More adventurous is Blueprints (Candlelight Records), the second album from Norway’s Source of Tide, which features Cosmocrator, who just toured with Emperor guitarist Samoth’s band Zyklon, and Lord Pz, who is part of Emperor frontman Ihsahn’s group Peccatum. With its intricate death metal flavored with surprisingly catchy melodies, lots of samples and electronics and duel vocal sparring, Blueprints is as sophisticated as it is brutal.

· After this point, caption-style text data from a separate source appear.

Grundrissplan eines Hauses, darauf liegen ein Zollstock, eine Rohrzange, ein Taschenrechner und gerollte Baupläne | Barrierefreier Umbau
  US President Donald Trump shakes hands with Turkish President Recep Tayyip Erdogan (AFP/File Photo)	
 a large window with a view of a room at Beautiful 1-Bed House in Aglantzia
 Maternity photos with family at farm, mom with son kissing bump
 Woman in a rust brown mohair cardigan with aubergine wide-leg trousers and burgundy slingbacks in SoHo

And coming soon is a new album from Norwegian black metal tag team Limbonic Art, a duo of guitarists/vocalists Morfeus and Daemon, the latter of whom sang on Zyklon’s debut World Ov Worms. The band records for Samoth’s label Nocturnal Art Productions and Samoth himself already is touting Limbonic’s upcoming The Ultimate Death Worship as just that. Time will tell if they can back his claim up, but it’s a pretty safe bet. Their epic, technical black/death metal is, at times, downright astonishing.

* * *

MY DYING BRIDE: Doomsday double-header
Nobody does doom quite like England’s My Dying Bride. Theirs is the sound of the end of the world. And the band has had plenty of gloom and despair to go around in recent months. After issuing their Meisterwerk compilations last year, My Dying Bride will offer a crushing live album and all-encompassing DVD in the coming weeks. First up is The Voice of the Wretched (Peaceville) -- even their titles make you want to slit your wrists -- a live album recorded in Europe last year. The band’s studio efforts tend to be rather dreary, but they show a lot more energy and life in a concert setting. Anyone who was fortunate enough to have seen one of the band’s rare shows in the U.S. can attest to that. They can actually kick ass, yet with their shuddering heaviness and Aaron’s funereal vocals, that apocalyptic aura is never far away.

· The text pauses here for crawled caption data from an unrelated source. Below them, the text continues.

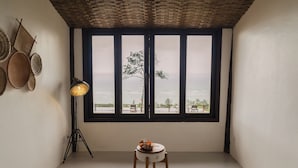 A room with a large window, two wooden chairs, a small table with fruit, and a floor lamp. - Beijo do Vento Pousada (Porto Seguro)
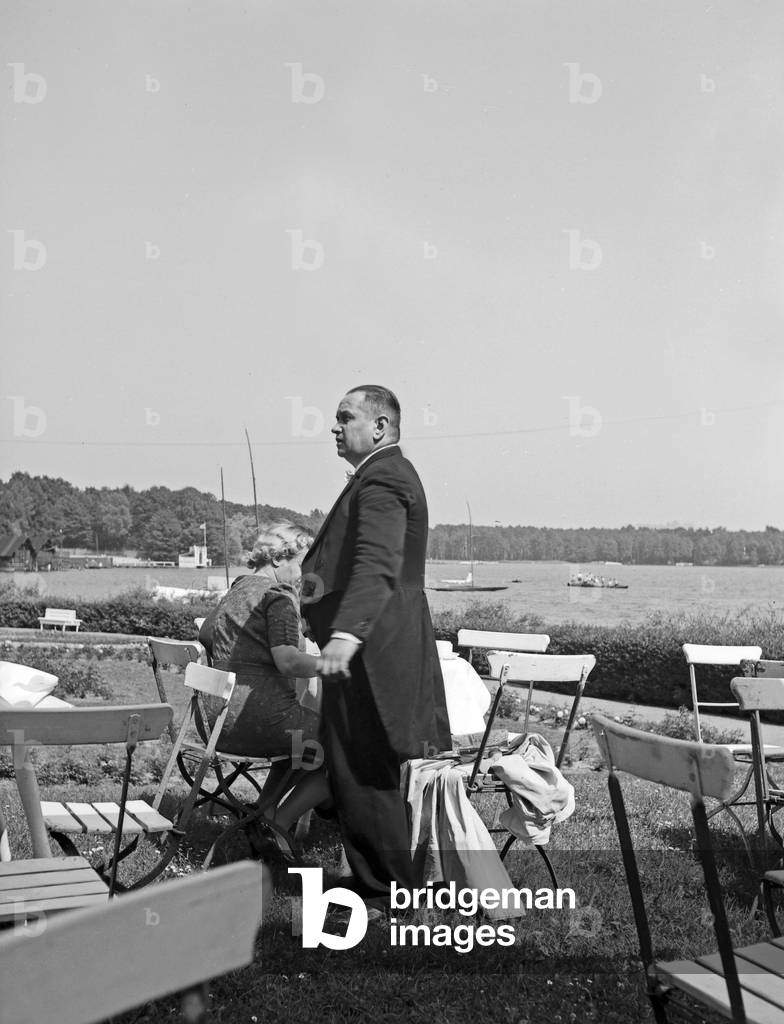 A waiter in a swallow tailed coat serving a lady at an open air restaurant, Germany 1930s (b/w photo)
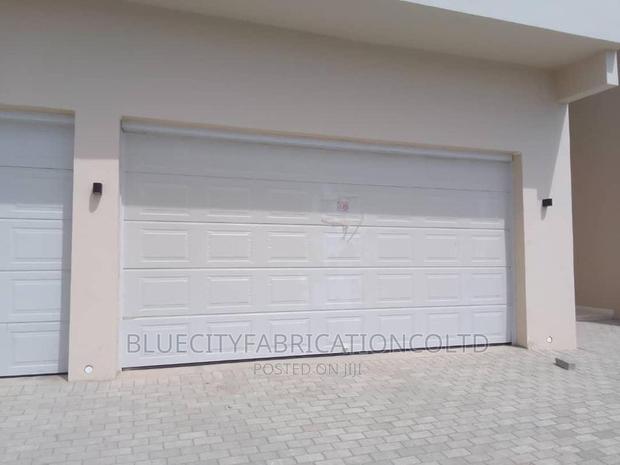 American Automated Garage Door 14ft X 8ft · Photo 3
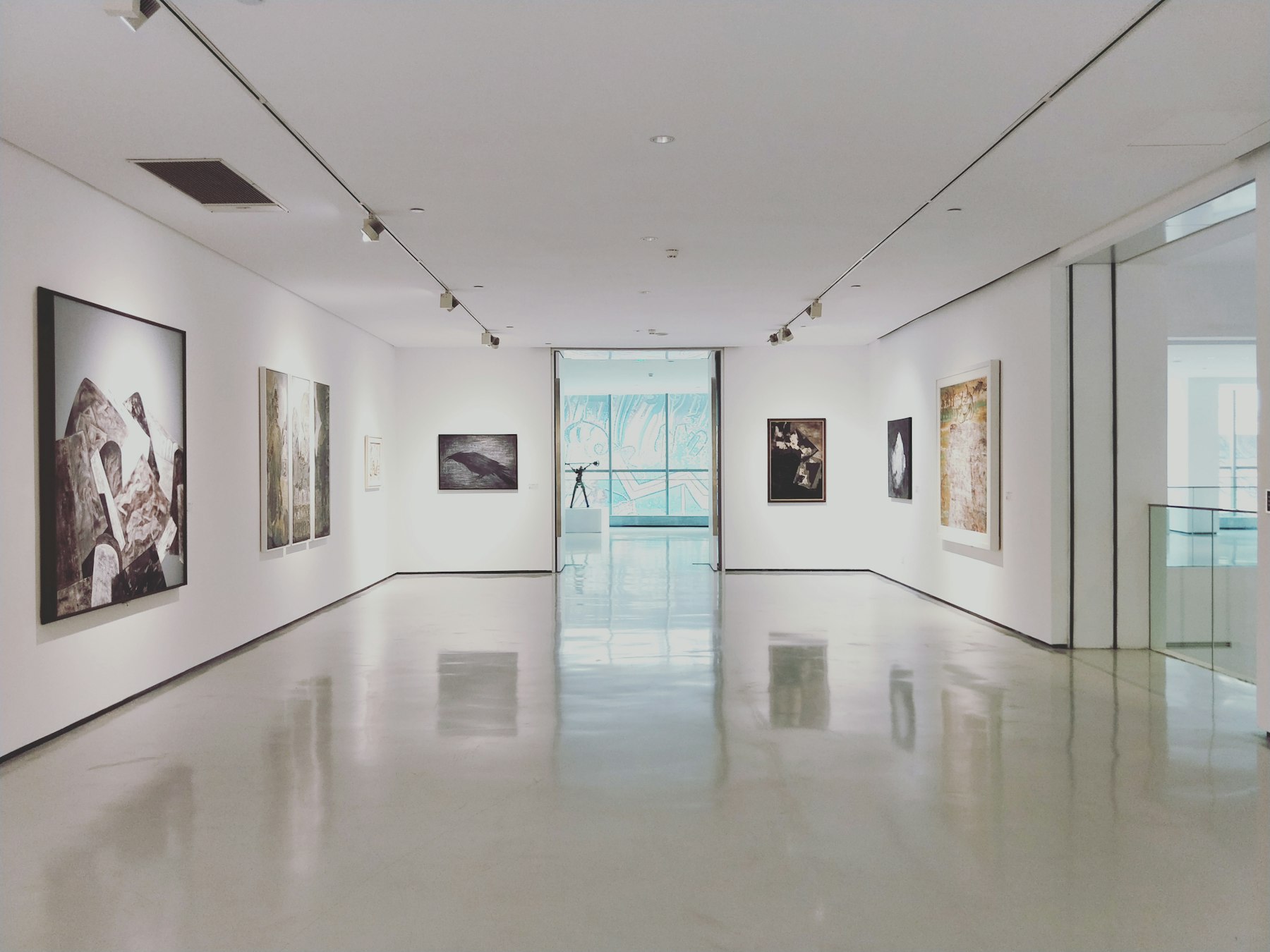 Galerie blanche aux murs ponctués de photographies encadrées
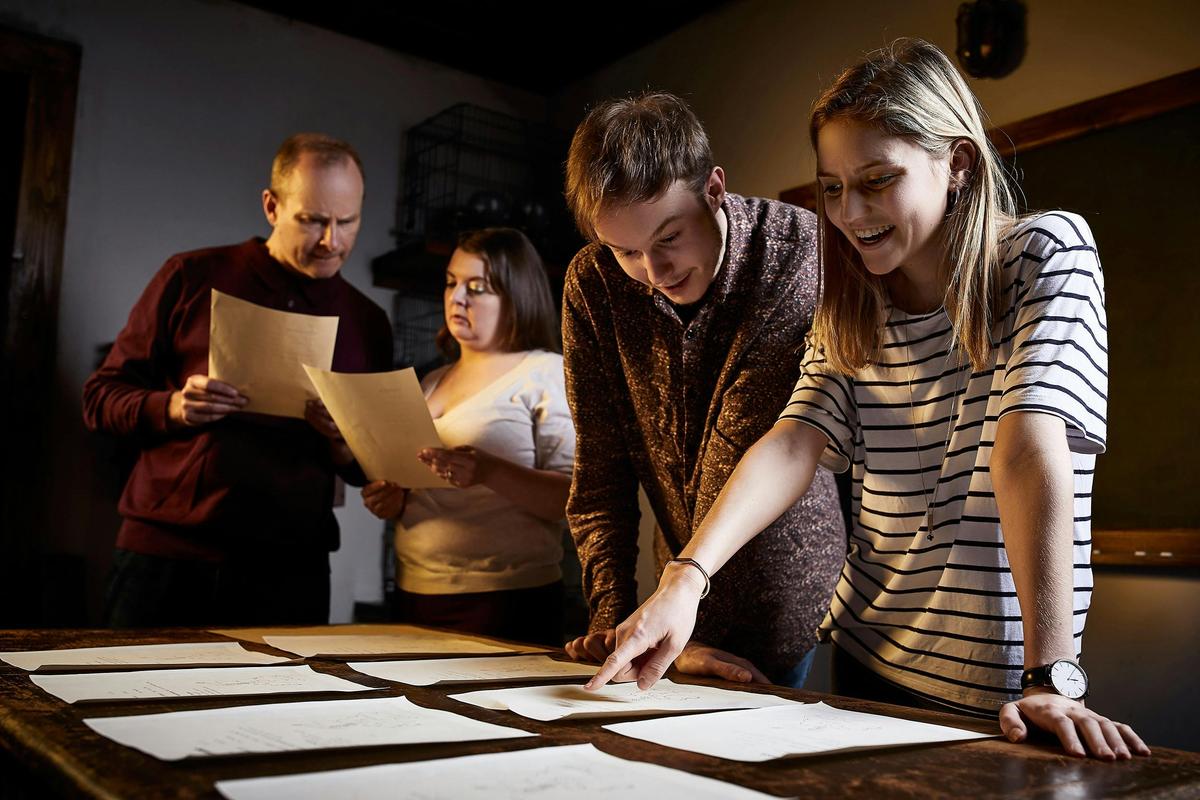 4 people pointing at clues on a table and smiling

The DVD, For Darkest Eyes (Peaceville/Snapper Music), will be available in June. Eyes features a totally different live performance -- a 1996 show in that includes the monumental, atypically uptempo “Forever People” -- and set list than Wretched. It also contains MDB’s promo videos that almost certainly were never broadcast here -- including “The Cry Of Mankind,” which caused a bit of a stir for its crucifixion depictions. All the more reason to check it out, as is the raw footage of gigs from the band’s early days, including most of another show from a dank, dark club in The Netherlands in 1993 and a chunk of their Dynamo Festival performance -- 200 minutes of misery in all.
My Dying Bride’s latest studio album, The Dreadful Hours, was just re-issued here as well, so if you’re looking for some light summer listening, here you go.